» TO DO
Nothing but the lines below from the one with "The ceiling of" through the one with "A cropped version" should be output, each exactly as given, and no pictures.

» INFORMATION SHOWN
^^^^^^^^

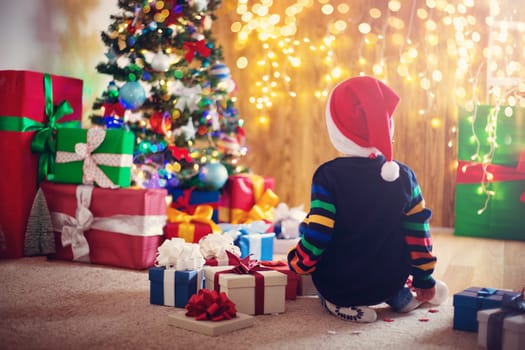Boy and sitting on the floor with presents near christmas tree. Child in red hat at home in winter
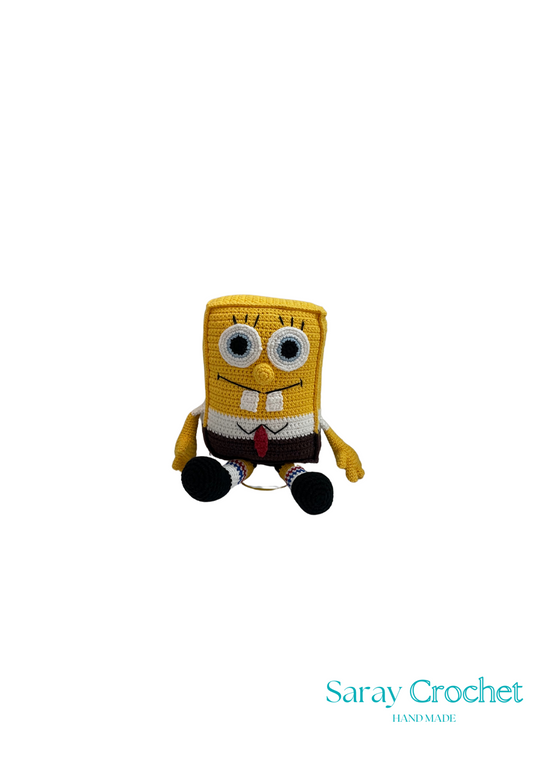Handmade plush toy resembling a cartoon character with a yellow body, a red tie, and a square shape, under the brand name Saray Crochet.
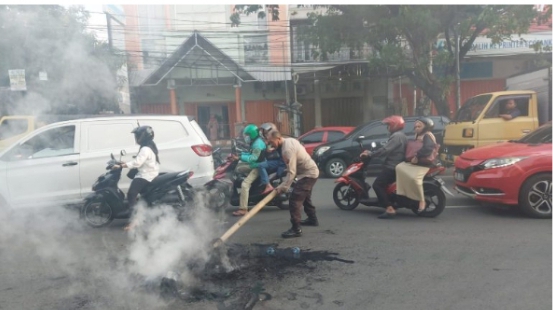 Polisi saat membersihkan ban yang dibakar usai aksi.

^^^^^^^^

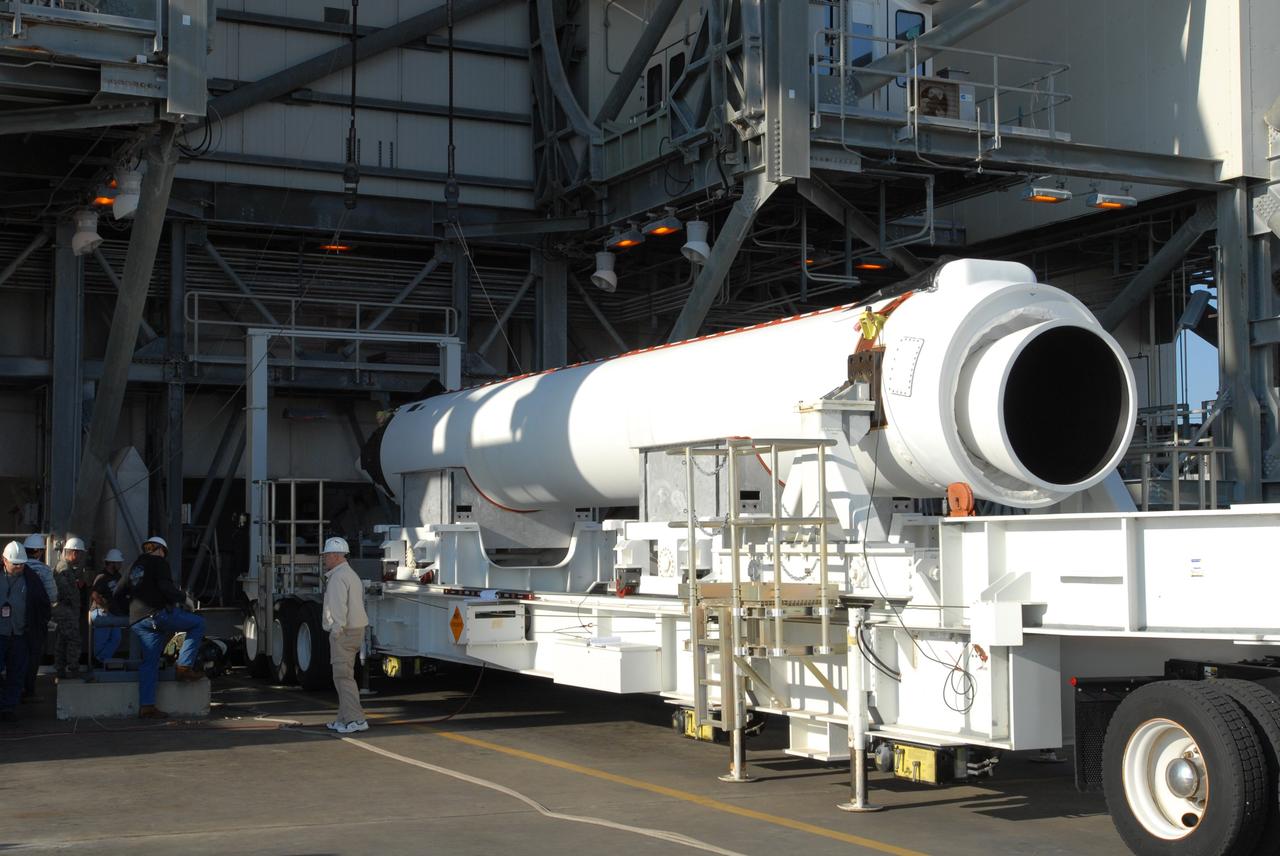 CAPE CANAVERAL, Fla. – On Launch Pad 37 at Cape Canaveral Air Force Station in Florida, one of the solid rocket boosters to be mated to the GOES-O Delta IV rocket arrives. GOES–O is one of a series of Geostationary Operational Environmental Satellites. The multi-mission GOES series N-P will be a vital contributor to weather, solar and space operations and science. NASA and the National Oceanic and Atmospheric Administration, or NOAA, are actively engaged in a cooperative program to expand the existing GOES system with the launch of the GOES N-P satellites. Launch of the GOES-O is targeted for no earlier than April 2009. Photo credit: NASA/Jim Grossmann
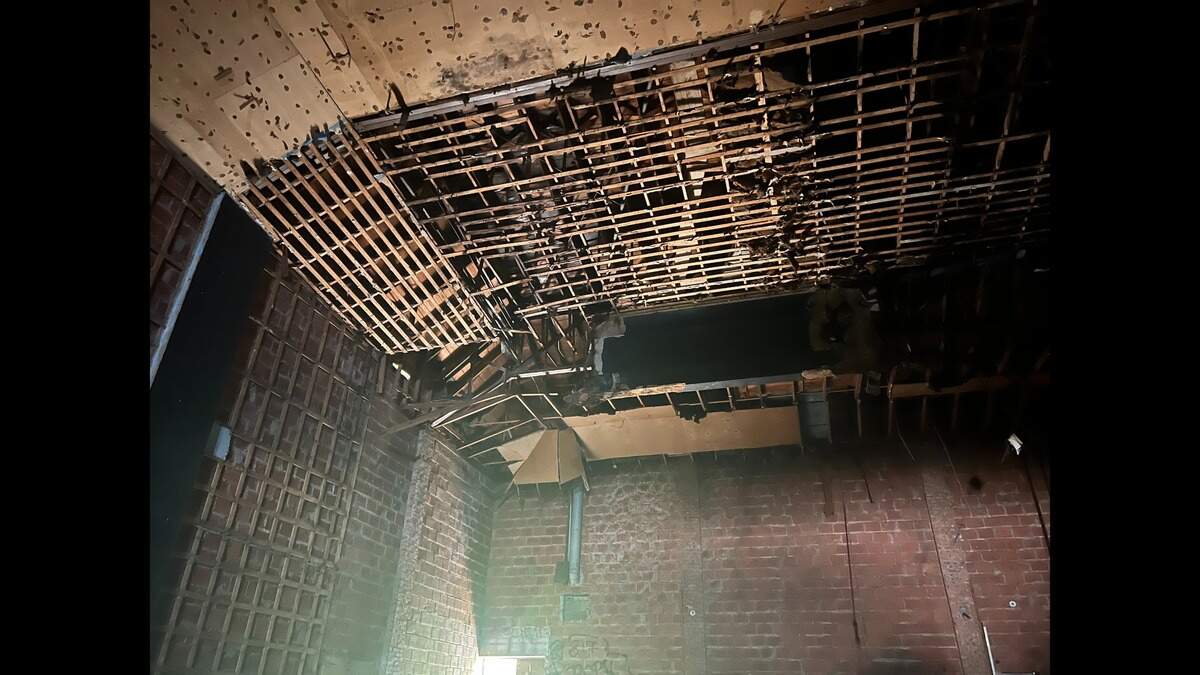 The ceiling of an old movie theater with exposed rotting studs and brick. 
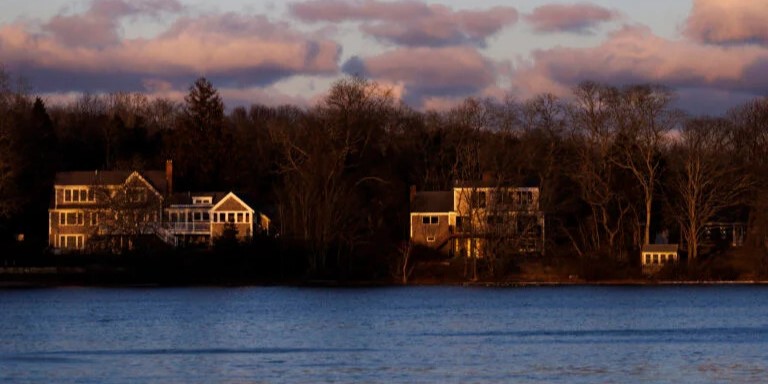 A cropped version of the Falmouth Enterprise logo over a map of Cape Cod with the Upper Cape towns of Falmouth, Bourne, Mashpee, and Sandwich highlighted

^^^^^^^^

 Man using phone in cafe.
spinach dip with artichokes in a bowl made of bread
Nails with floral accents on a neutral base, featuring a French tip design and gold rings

^^^^^^^^

» OUTPUT FOR THIS TASK
 The ceiling of an old movie theater with exposed rotting studs and brick. 
 A cropped version of the Falmouth Enterprise logo over a map of Cape Cod with the Upper Cape towns of Falmouth, Bourne, Mashpee, and Sandwich highlighted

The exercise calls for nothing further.